After all, your income and the future of your business depend upon your ability to perform at your peak and make the right decisions, all the time.
There are no free rides here. With so much at stake, it's not uncommon for business owners to feel as if everything is riding on each decision. If the stresses and responsibilities of running a business are getting to you, here are some steps you can take:
1. Take care of Number 1. If you're run down, you'll burn out faster. Make sure you get enough sleep, eat right, exercise and de-stress on a regular basis.
2. Make the time to do nothing! We all need to take time to relax, refresh and replenish. Don't keep pushing yourself. Keep regular business hours and take breaks during your work day. Make sure to schedule in time off and vacations on a regular basis. You'll come back with a fresh outlook and perspective.
3. Get back in touch with the things you value. Is your work fulfilling and meaningful for you? If not, check in with your values. What's missing? Where are you compromising? What needs to be eliminated? What are you merely tolerating? Re-assess and re-adjust your priorities as needed. If you work for yourself, you're in control. Make the choices you want to make and honor what's important to you.
4. Think out of the box and challenge yourself consistently. If work has become a chore or you're in a rut, try spicing things up a bit! Find innovative ways to do mundane tasks, create new products or services to add to your offering, improve performance, or tweak what you do best and make it even better.
5. Establish realistic expectations for what you can and cannot accomplish. If you find that you're driving yourself or your employees too hard it may be time to let go of unrealistic expectations and re-adjust.
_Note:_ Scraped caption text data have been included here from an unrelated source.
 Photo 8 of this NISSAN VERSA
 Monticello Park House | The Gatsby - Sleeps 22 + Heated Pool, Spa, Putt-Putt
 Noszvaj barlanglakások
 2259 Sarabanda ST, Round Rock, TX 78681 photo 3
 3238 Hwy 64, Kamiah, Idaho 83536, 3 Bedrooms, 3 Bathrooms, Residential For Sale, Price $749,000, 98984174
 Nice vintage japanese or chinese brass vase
Shorten your to-do list, prioritize, give yourself some slack when needed and know when to let up on yourself and others.
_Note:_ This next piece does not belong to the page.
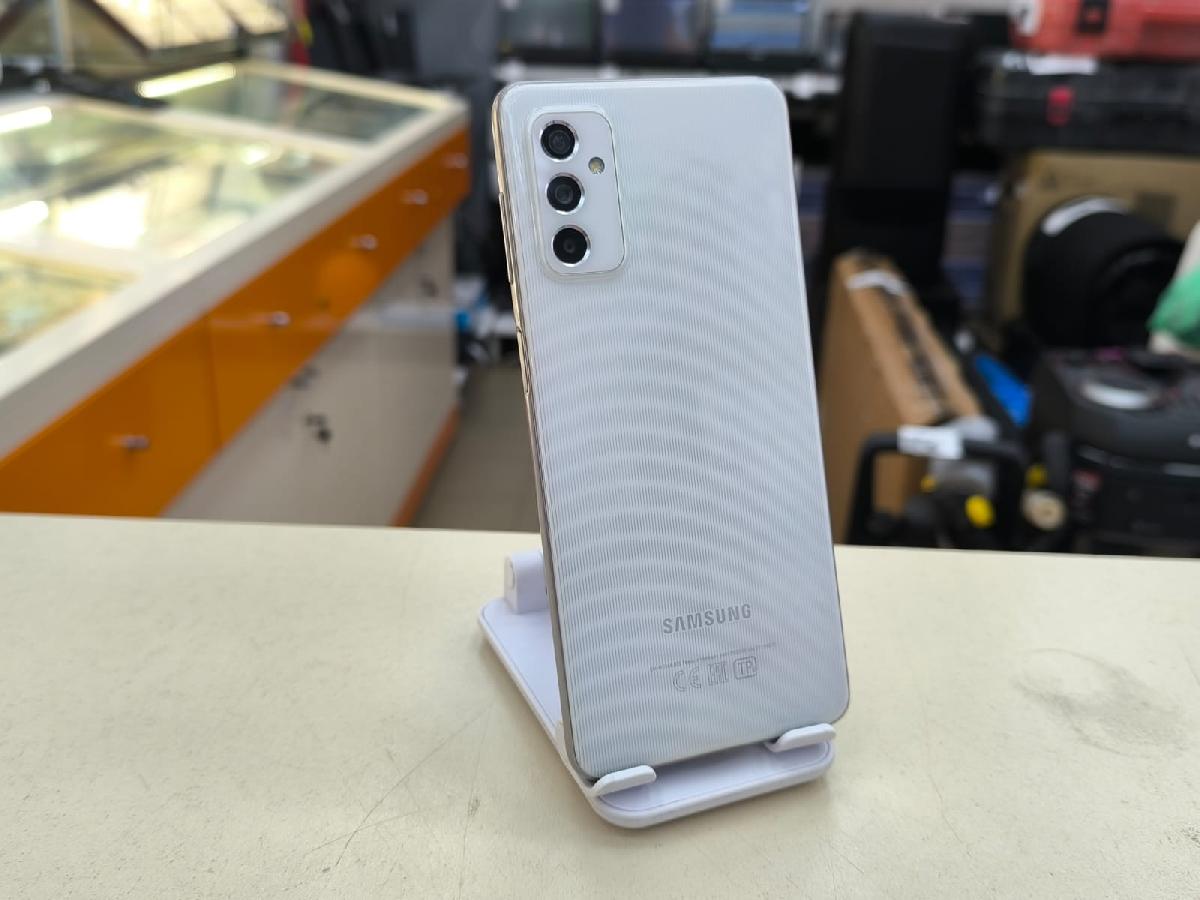 Смартфон Samsung Galaxy M52 6/128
6. Learn how to communicate clearly. Resolve conflicts, don't run from them. Let people know what you expect from them, and ask them what they expect from you. Be clear and concise with what you say, and how you say it. Listen closely to the people around you, it will teach them to listen closely to you.
7. Manage your time. Poor time management is another thing we commonly do that leads to burnout. Just because you work for yourself doesn't mean you have to be available 24/7. Instead, set regular business hours. Make appointments with yourself to get things done – and keep them! Being on time counts: show up promptly for appointments and expect others to do the same.
8. Stop blaming yourself or others. If you're playing the "woulda, coulda, shoulda" game, perhaps it's time to re-evaluate your attitude. Blaming yourself or others for things that have gone wrong doesn't help. What does? Learn from your experiences and make changes to ensure that you get the results you want the next time.
9. Value yourself by establishing boundaries and limits. Learn how to do it in a way that clear and consistent. Don't give away too much of your time. Let people know your policies and procedures. Be upfront with what's acceptable and what's not. Learn how to say no.
10. Deal with your emotions. Keeping your feelings inside usually leads to trouble. If you are feeling any kind of negative emotion, don't deny it. Instead, learn how to acknowledge your feelings, be up front with them; and deal with the underlying causes.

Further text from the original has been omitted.